**Exercise directions**
Leave out the pictures, then output the lines of the records below from the first through the one containing "Notice the natural".
[Opening Information given section]
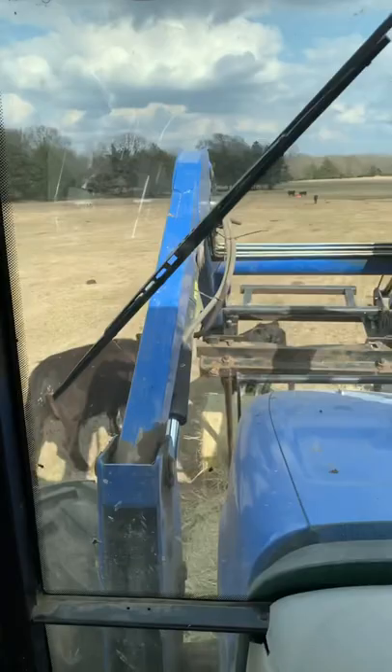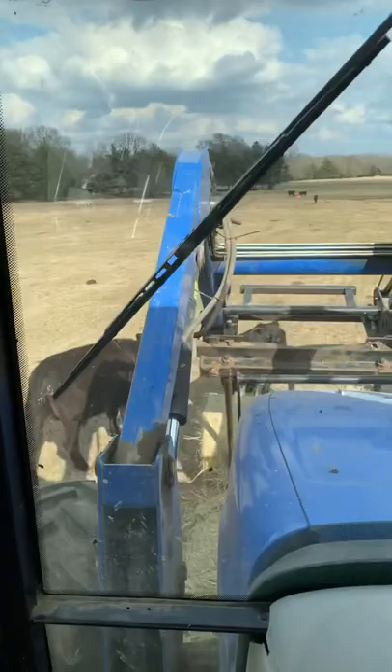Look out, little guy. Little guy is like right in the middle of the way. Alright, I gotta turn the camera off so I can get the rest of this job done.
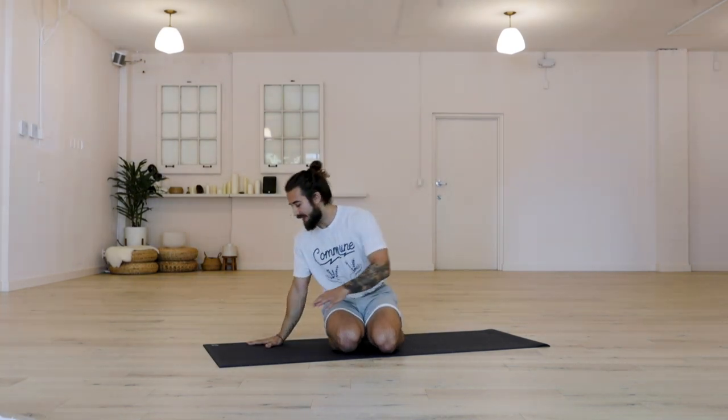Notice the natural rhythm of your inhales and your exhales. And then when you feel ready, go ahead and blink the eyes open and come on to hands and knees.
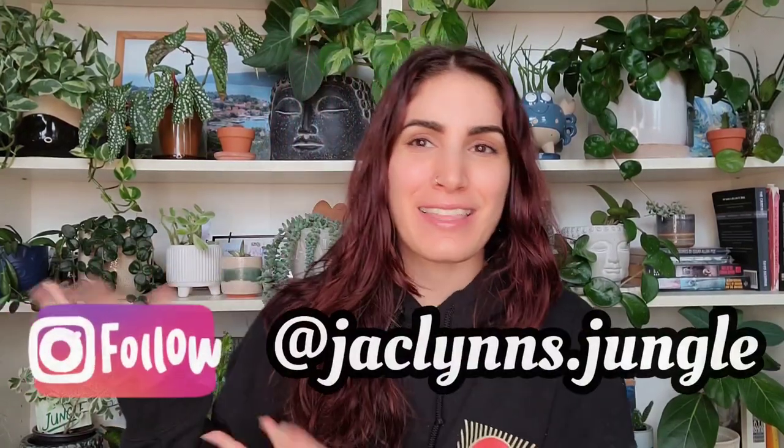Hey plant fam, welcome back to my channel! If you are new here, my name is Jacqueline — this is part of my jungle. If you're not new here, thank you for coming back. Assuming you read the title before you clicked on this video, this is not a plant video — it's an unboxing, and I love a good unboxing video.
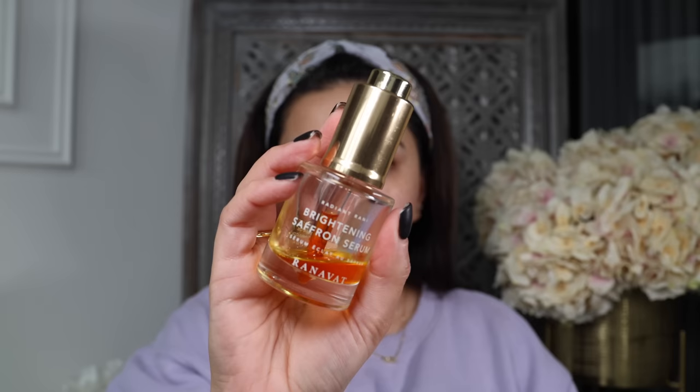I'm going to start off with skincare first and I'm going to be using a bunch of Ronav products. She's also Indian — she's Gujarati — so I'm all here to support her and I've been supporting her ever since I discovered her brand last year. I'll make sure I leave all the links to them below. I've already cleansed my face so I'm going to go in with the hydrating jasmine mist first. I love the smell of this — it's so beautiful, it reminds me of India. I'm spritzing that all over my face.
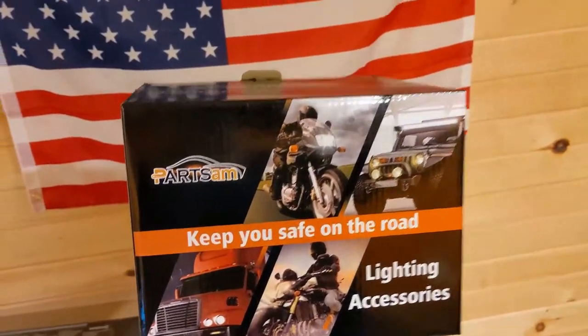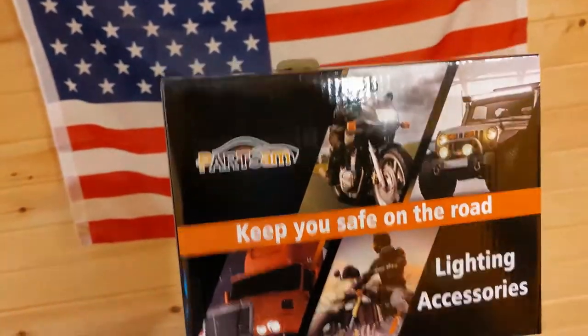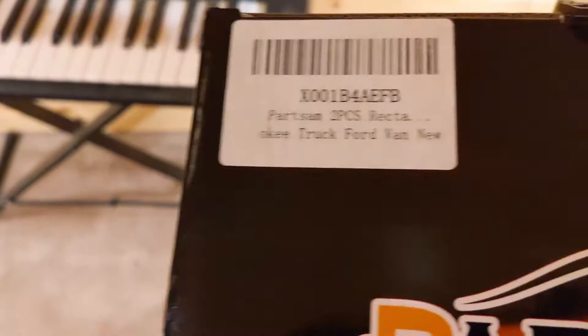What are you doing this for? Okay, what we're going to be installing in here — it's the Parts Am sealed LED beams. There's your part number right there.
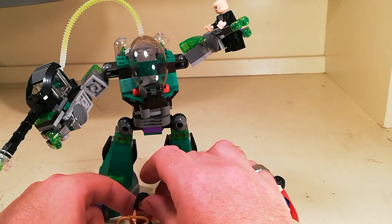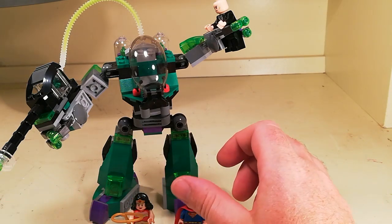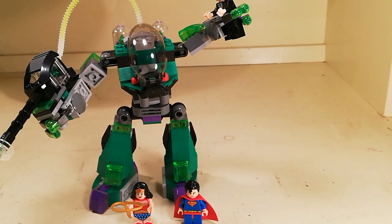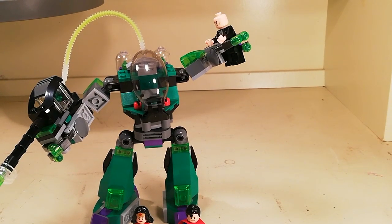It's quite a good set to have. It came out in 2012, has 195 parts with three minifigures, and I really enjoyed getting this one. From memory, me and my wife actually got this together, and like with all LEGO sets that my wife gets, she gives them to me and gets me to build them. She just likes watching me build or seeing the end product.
[Closing Information given section]
**Solution**
Look out, little guy. Little guy is like right in the middle of the way. Alright, I gotta turn the camera off so I can get the rest of this job done.
Notice the natural rhythm of your inhales and your exhales. And then when you feel ready, go ahead and blink the eyes open and come on to hands and knees.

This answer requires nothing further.